Turns out that unless all the bit fields are defined to be of the same unsigned type, they will not be mapped to the same unit of memory.

I originally had them all defined as just unsigned; but the compiler complained that the mantissa was too large for a 32-bit uint. So, I switch it to U64 and it compiled.

The problem is that produces a struct that occupies more than 64-bits. The first two bitfields are merged into a U32, but because the third is a different underlying type, it gets mapped to a different chunk of uninitialised memory. Hence, the apparently random nature of the output.

Making all three fields the same type means they get amalgamated into a single 64-bit piece of ram. (But it took some searching to locate this rather arcane piece of knowledge.)

Hmm, interesting. I also would have thought that in a union-type, all variables start at offset zero.
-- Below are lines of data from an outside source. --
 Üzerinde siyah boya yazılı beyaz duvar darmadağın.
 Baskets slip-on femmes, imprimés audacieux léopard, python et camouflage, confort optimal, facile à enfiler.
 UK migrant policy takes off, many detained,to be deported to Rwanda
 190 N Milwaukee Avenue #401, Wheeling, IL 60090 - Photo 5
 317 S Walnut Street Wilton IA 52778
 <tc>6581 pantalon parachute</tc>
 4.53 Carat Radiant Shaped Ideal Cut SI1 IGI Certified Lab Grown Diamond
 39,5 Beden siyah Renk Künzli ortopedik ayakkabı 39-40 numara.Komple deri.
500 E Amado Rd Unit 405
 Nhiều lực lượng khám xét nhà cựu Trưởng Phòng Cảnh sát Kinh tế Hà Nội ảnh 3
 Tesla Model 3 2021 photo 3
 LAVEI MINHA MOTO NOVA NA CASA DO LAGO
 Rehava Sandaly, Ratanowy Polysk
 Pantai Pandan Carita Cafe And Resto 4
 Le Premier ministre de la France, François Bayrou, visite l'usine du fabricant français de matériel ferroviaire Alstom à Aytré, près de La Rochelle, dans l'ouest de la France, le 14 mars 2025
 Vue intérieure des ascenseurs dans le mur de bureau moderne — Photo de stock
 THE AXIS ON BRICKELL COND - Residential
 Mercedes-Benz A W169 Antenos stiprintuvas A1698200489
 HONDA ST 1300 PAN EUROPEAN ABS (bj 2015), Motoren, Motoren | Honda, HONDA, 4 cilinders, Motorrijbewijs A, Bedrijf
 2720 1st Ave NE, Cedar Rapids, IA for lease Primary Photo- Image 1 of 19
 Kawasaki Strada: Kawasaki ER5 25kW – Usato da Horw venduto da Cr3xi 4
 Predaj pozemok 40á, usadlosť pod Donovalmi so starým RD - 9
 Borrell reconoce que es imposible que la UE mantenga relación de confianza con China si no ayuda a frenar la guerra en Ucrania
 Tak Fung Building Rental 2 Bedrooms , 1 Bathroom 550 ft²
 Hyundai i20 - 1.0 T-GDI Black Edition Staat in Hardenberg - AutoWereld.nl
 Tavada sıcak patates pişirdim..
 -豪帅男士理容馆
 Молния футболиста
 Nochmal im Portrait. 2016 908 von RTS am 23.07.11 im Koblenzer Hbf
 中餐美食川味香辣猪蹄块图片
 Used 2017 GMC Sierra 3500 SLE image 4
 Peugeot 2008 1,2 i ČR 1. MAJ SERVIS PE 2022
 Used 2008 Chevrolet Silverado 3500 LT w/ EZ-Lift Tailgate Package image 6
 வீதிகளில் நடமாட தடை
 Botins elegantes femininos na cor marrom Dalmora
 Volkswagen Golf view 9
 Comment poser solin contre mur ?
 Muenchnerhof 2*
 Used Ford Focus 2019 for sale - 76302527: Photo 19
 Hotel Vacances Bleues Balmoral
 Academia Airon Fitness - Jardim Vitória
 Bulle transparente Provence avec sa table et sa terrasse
I thought i have seen it used something like this (pseudo-code, my C coding days are mostly over so i'm not really sure how this is all supposed to look): Image you want to have different IP records in memory, say,

typedef struct {
    uint32 type;
    char ip[4];
} ipv4;

typedef struct {
    uint32 type;
    char ip[16];
} ipv6;
[download]

Then you would be able to have an union type of both and access the first field ("type") to cast the variable to the the correct typedef?

As said, my C coding days are mostly over. But since i have some XS work coming up, i might as well start to think about such problems right now :-)

"For me, programming in Perl is like my cooking. The result may not always taste nice, but it's quick, painless and it get's food on the table."